Van Cleve came under the influence of Pieter Bruegel the Elder's work in the 1560s. It is a certain resemblance with the work of Bruegel (particularly in the numbers of figures depicted), which has led to the often unjustifiable categorization of van Cleve as a follower of Bruegel. He was, however, never an imitator of that master. He took from Bruegel certain subjects and peasant types but was not interested in following some of the reactionary aspects of Bruegel's work such as the return to Hieronymus Bosch's surrealism and Joachim Patinir's world landscapes. On the whole van Cleve's scenes are descriptive rather than allegorical. Van Cleve attempted to correct or modernize Bruegel by a higher level of interest in realism. He also depicted his scenes from a lower viewpoint than Bruegel.

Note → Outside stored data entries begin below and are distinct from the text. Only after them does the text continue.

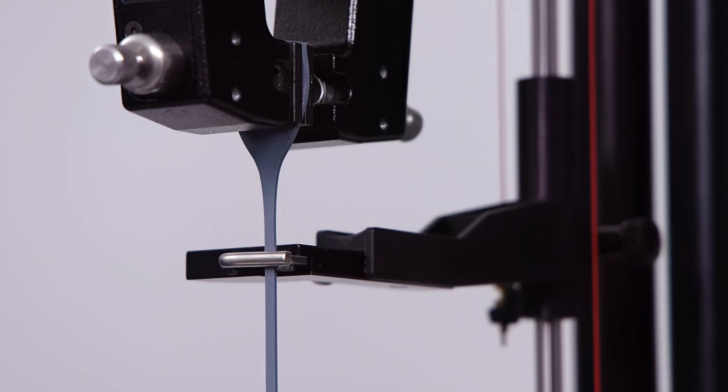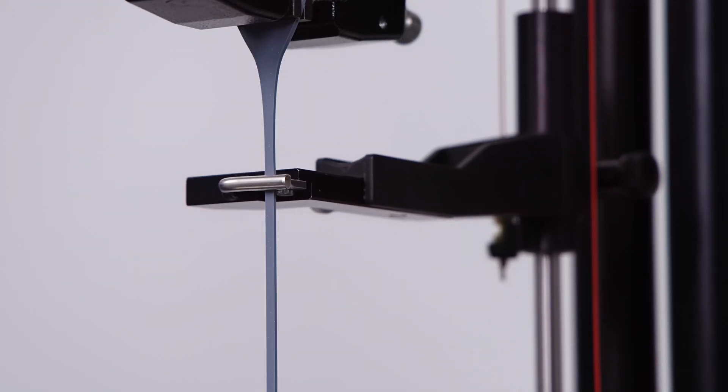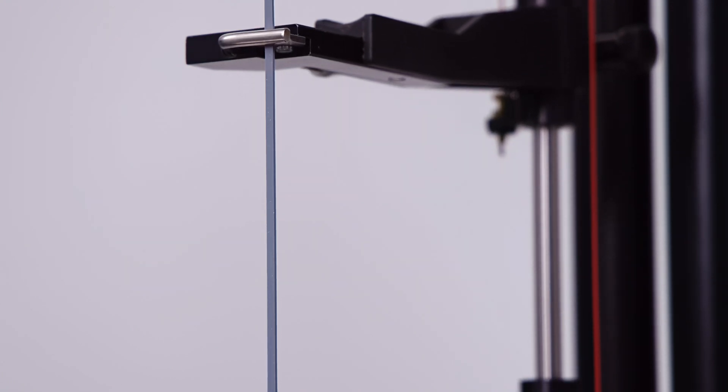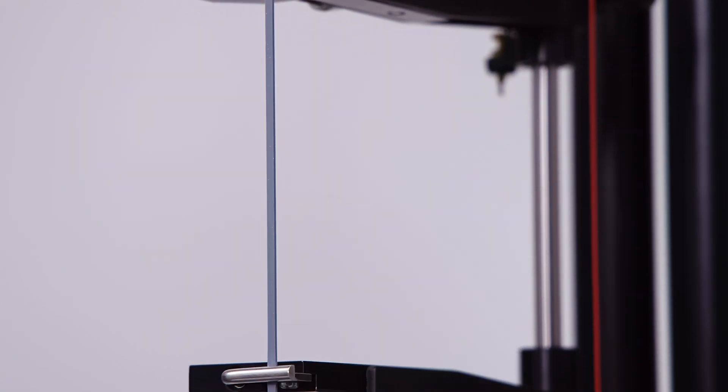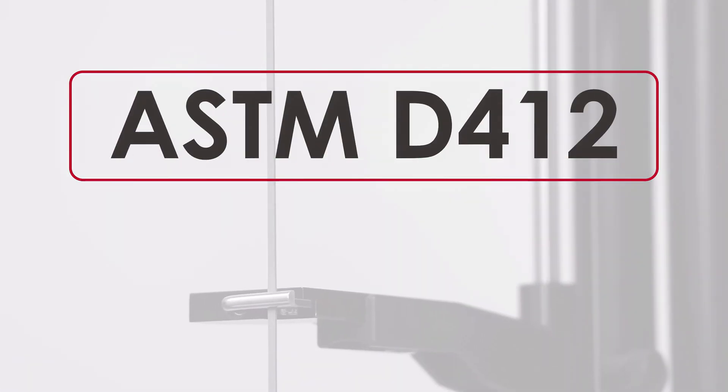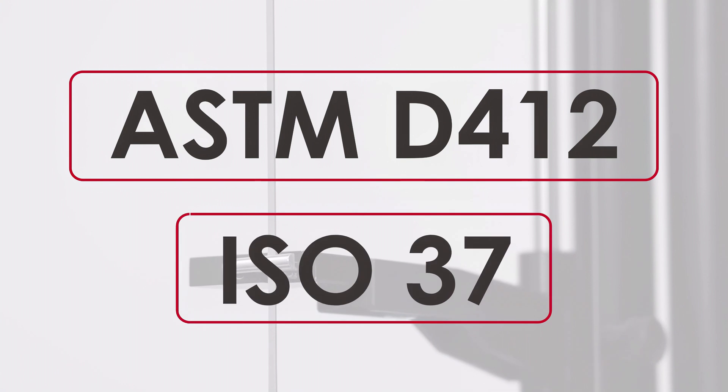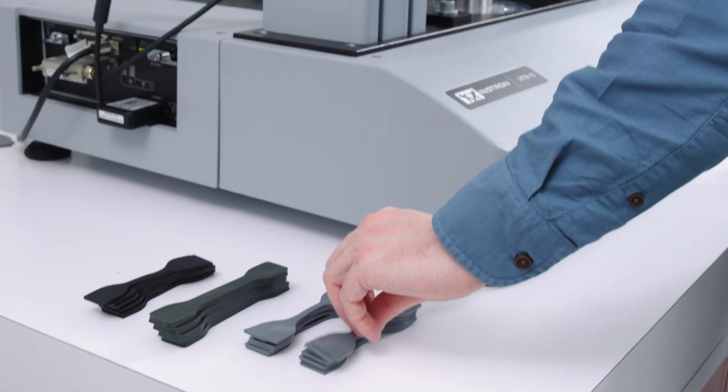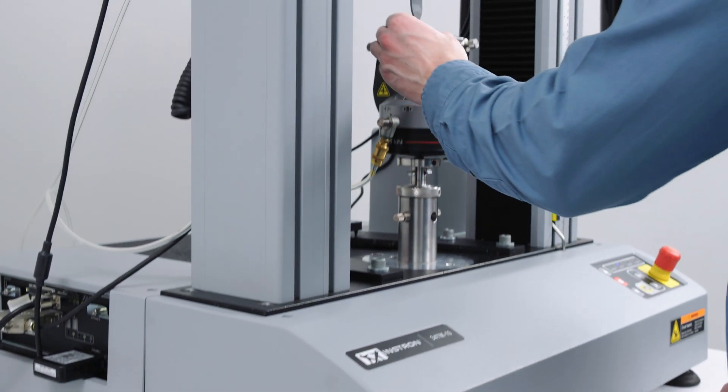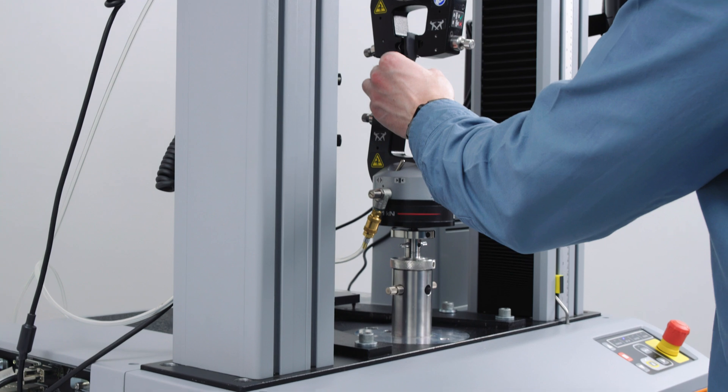The Long Travel Extensometer delivers repeatable results and meets common industry standards such as ASTM D412 and ISO 37. It also excels in high-throughput quality control environments.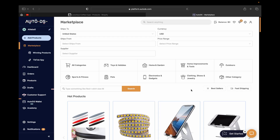Now I'm going to show you how you can actually import the dropshipping product that you found and want to sell on your dropshipping store, which we're going to use Shopify for. Our store is right here — we connected it in the previous video. If you missed it, click the link in my description.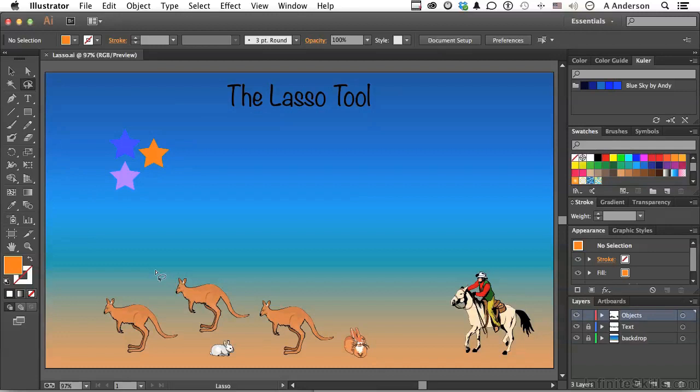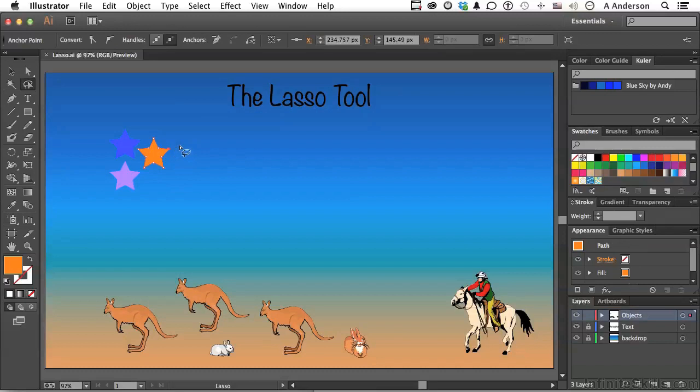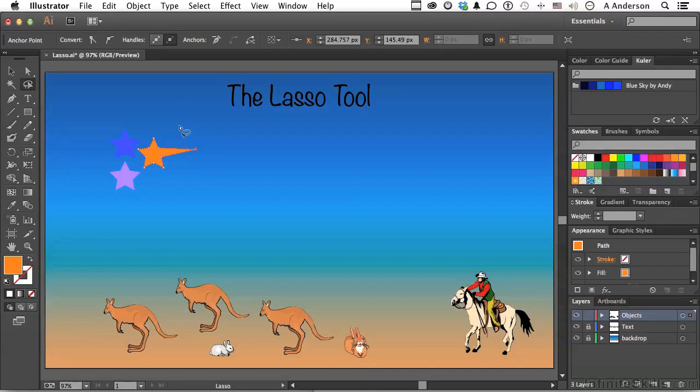For example, if I come back to this star right here and I draw a little circle just—see, I know there's a point there—right around that end of that star, it literally only selects that one point. Now, I'm getting ahead of myself here because we're going to talk about anchor points and stuff like that later. But I could then just move that one single point.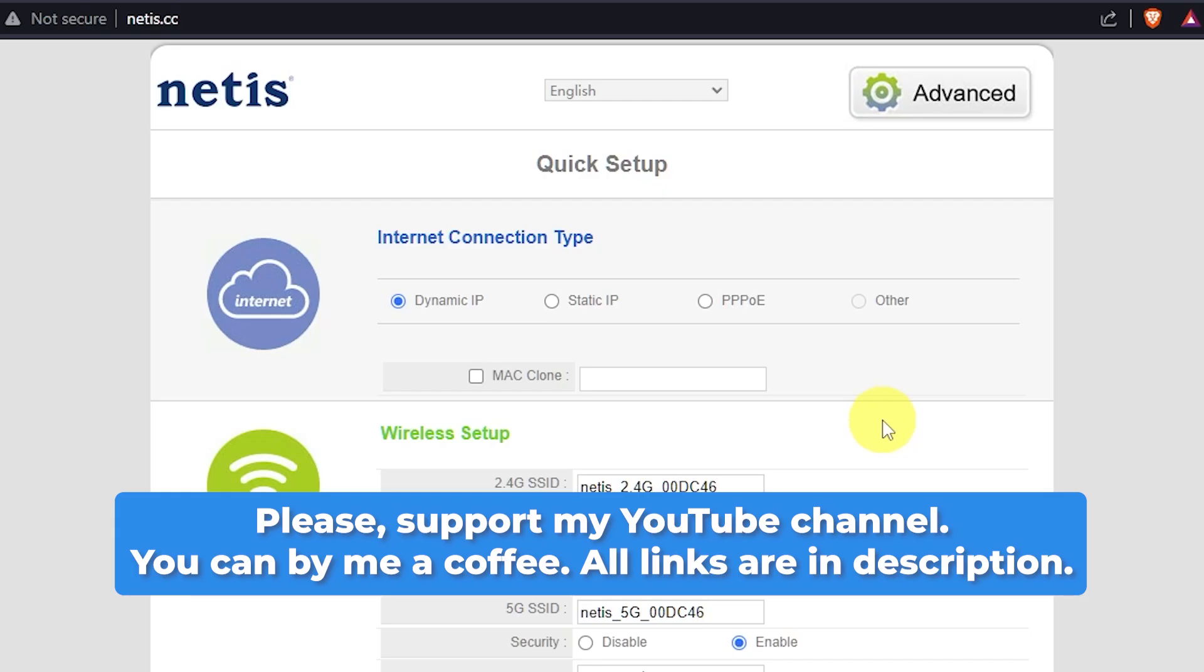After you reset the router to its factory settings, you'll have to set it up again. You can find a tutorial on how to do this in the video description.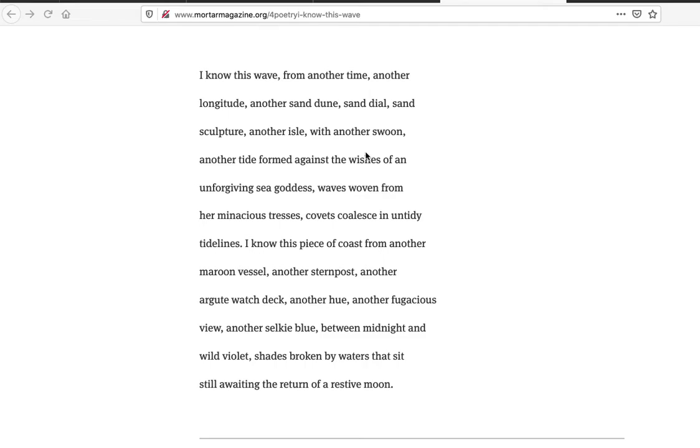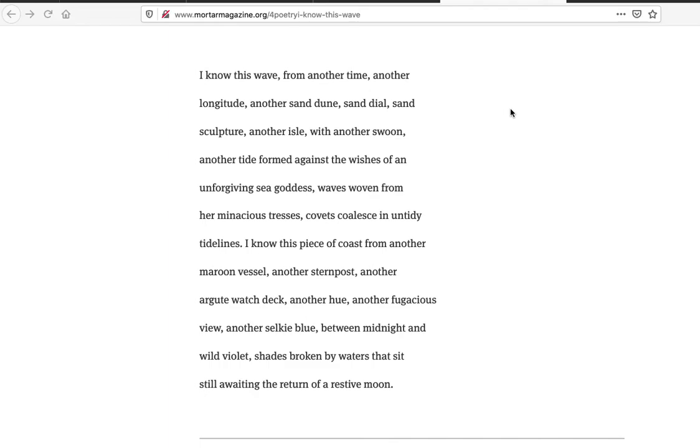I know this wave, I feel like it's a water wave here. From another time, from another place, another sand dune. It's coming in, it seems similar to what you've experienced somewhere else. Sand sculpture, another isle with another swoon, another tide formed against the wishes of an unforgiving sea goddess, waves woven from her miraculous tresses. Very beautiful, like this repeating wave that's from another place, another longitude, another part of the globe even, but just a similar sea goddess. This wave is recognized, being here, this situation, being in the same place again but not the same place, another same feeling, the waves coming in feeling like the tresses of the sea goddess woven.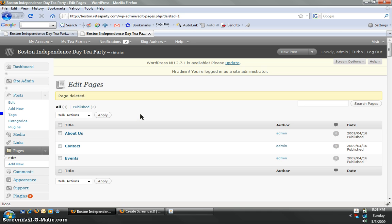Again, submit your questions, concerns to reteaparty at gmail.com. Thank you very much for listening. Hope that helped.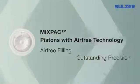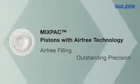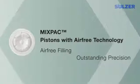The new MixPak Pistons with air-free technology, outstanding precision.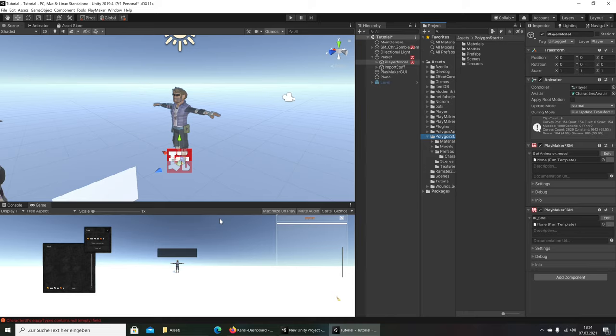Welcome to the next tutorial in our series creating a third-person controller for a survival game. In the last days I've gotten many questions and problems from you with the controller. I can see the tutorial series is not very beginner-friendly - I think I've been making it too fast. The other problem is most people copy and paste without understanding what they're doing.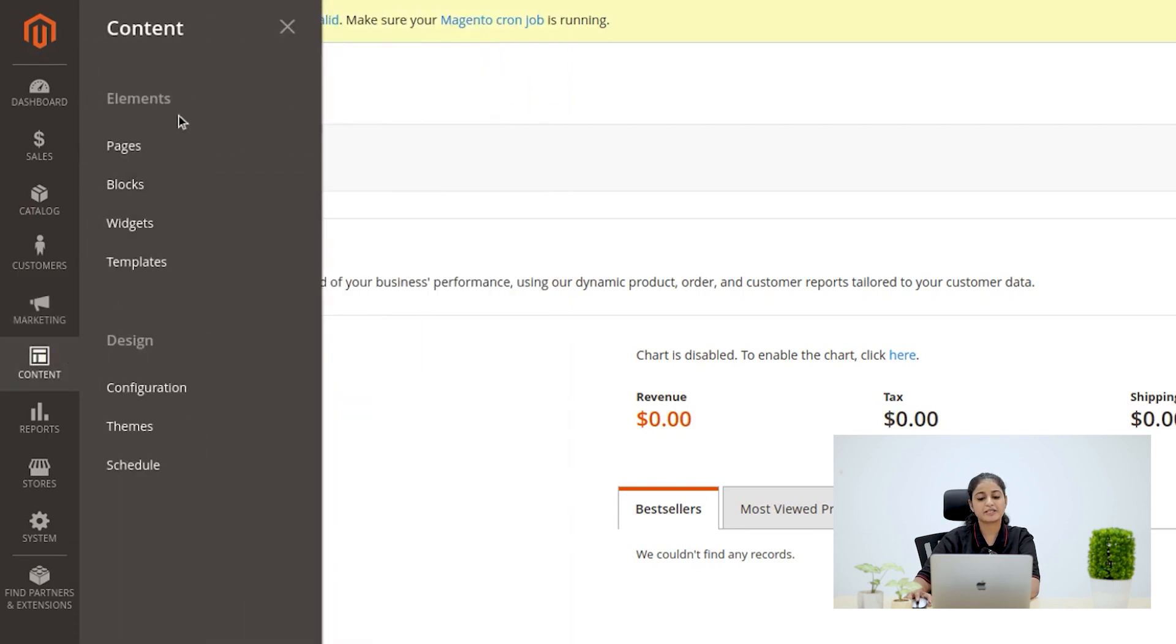Content menu. In Content menu, we can explore the Content management side of Magento, a crucial part of admin settings.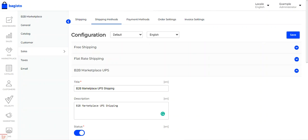So that was all about the Laravel B2B Marketplace United Parcel Service shipping plugin. I hope it helped you understand how the admin can provide UPS shipping for products, how suppliers can set their UPS details to manage shipments and add invoices, and how customers can select UPS shipping methods at checkout. If you have any questions, queries, suggestions, or requirements, you can reach us at support@bagisto.com or raise a ticket at bagisto.uvdesk.com. If you found this video helpful, please give it a thumbs up. Thanks for watching and have a great day!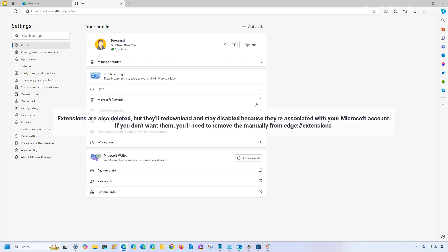Now, since all the settings have been removed from this installation, you're going to have to go and reconfigure all the settings for Microsoft Edge.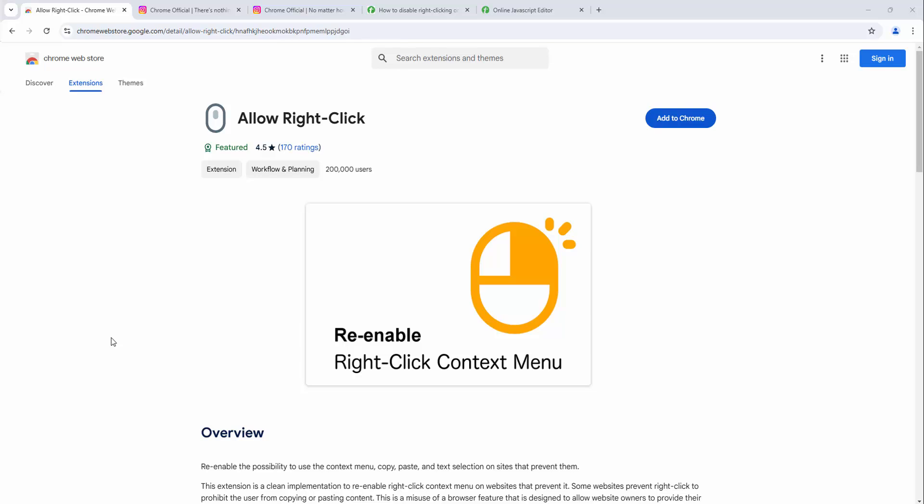The Allow Right Click extension re-enables the possibility to use the context menu with copy, paste, and text selection on websites that prevent them.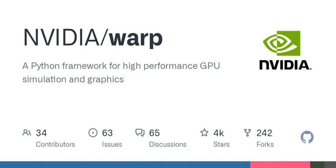Installing Python version 3.9 or newer is recommended. Warp can run on x86-64 and ARMv8 CPUs on Windows, Linux, and macOS. GPU support requires a CUDA-capable NVIDIA GPU and driver, minimum GeForce GTX 9XX.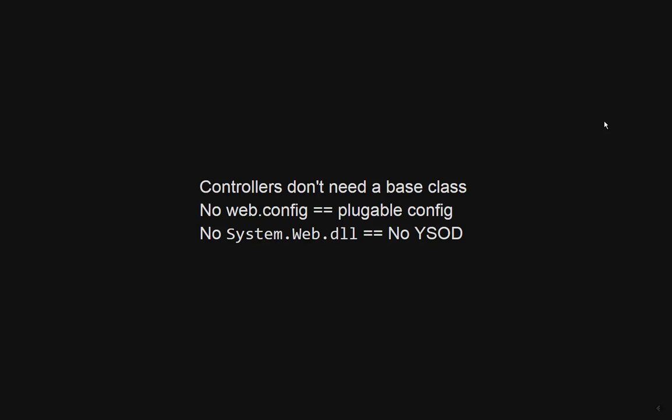Because everything is built off NuGet and they realize people want to debug things they haven't written themselves - who has tried debugging the Microsoft framework and had it work? - it's going to be a whole lot easier to debug any external dependencies. Let's look at some of the weird things we can do.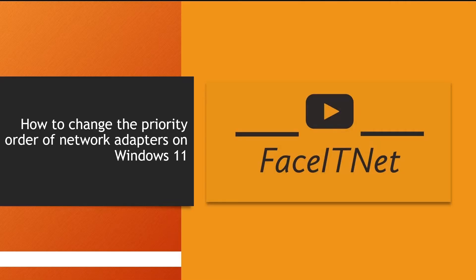Welcome back to FaceITNet. Today I'm going to show you an interesting configuration on Windows 10 operating system.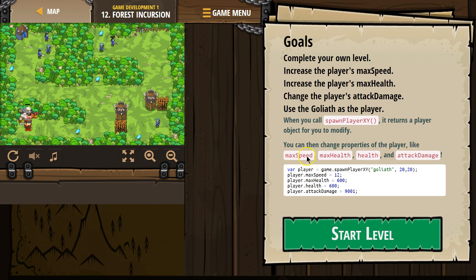Properties like max speed and max health. Here's our player object. Where do we get the name 'player' from? We made it — you see how we made this variable named player? If I had instead named this variable 'Bob'...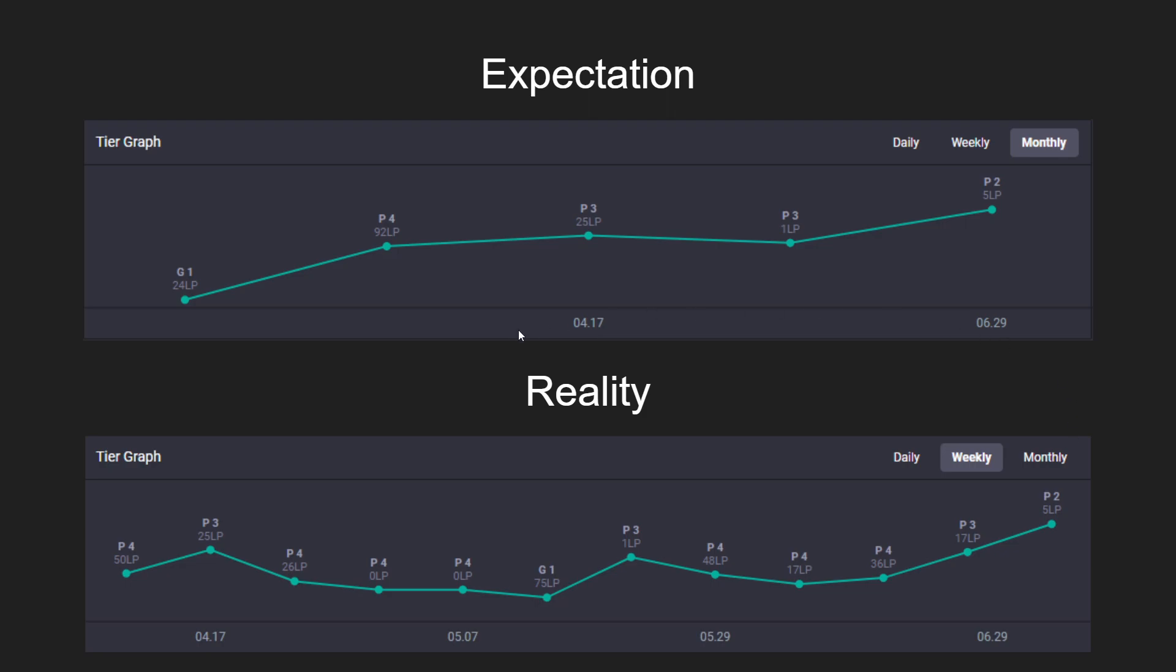You're going to have dips, you're going to have losses. Losing is inevitable and it's a part of improvement. Especially if you're focusing on improvement, you're going to lose games.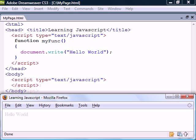Then to call the function we use the name in the body section followed by a set of parentheses.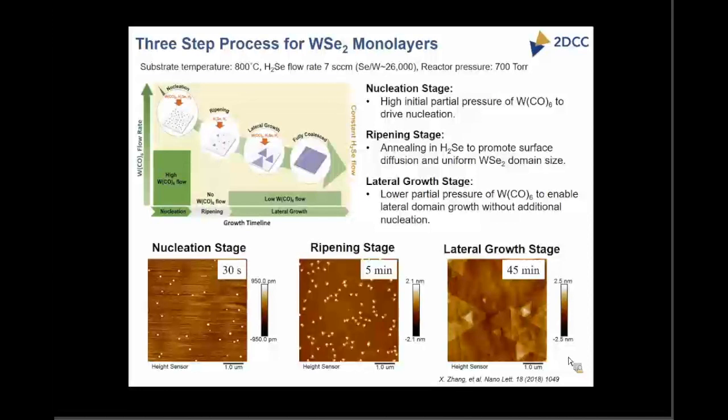After that, we reintroduce the tungsten hexacarbonyl at reduced concentration, to reduce the supersaturation so that existing nuclei grow out instead of forming new ones on the surface. Using these three steps, as shown in the AFM images, you have the nucleation step, oriented domains, and then the lateral growth stage.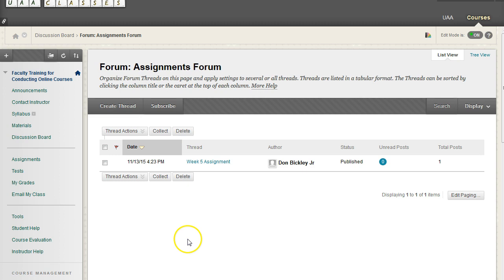And so one way around that would be to have your students into small groups, and each group has to respond to each of their group members.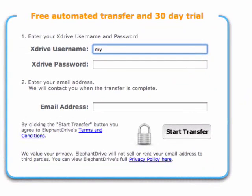Fill out the form, enter your xDrive username and password, and enter your email address. We will automatically create an Elephant Drive account for you if you don't have one already.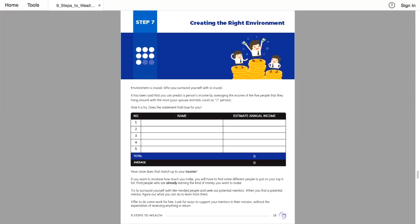Imagine if you hung out every day with Steve Jobs, Elon Musk, and all those biggest billionaires in the world. What would your life look like after hanging out with them? You would probably start working towards becoming a billionaire.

Another confirmed authentic work is the Slaughtered ox (Kunsthistorisches Museum, Vienna), which is monogrammed with 'M(v)G' in ligature and dated 1566. It is quite similar to a work of a Slaughtered pig by Joachim Beukelaer. While Beuckelaer's work is clearly a still life, van Cleve's composition is a genre work which emphasizes the anecdotal and genre aspects of the work. Van Cleve's composition may also have an allegorical meaning. A little boy sitting on the threshold of the door is blowing a bubble. The bubble is in fact the bladder of the ox, at the time a children's toy. It is possible that the bubble-blowing boy is a reference to the homo bulla motive, the idea that life is just a bubble that only lasts a very short time. The dead ox itself is a reminder of death and is thus linked to the 'memento mori' idea, the notion that humans should remember that they are mortal. Together with the Carnival in a village with beggars dancing dated 1579 (Hermitage Museum), the Slaughtered ox shows that van Cleve preferred a broad and free brushstroke. In the Carnival in a village with beggars dancing van Cleve has also used various motifs from Pieter Bruegel the Elder's works.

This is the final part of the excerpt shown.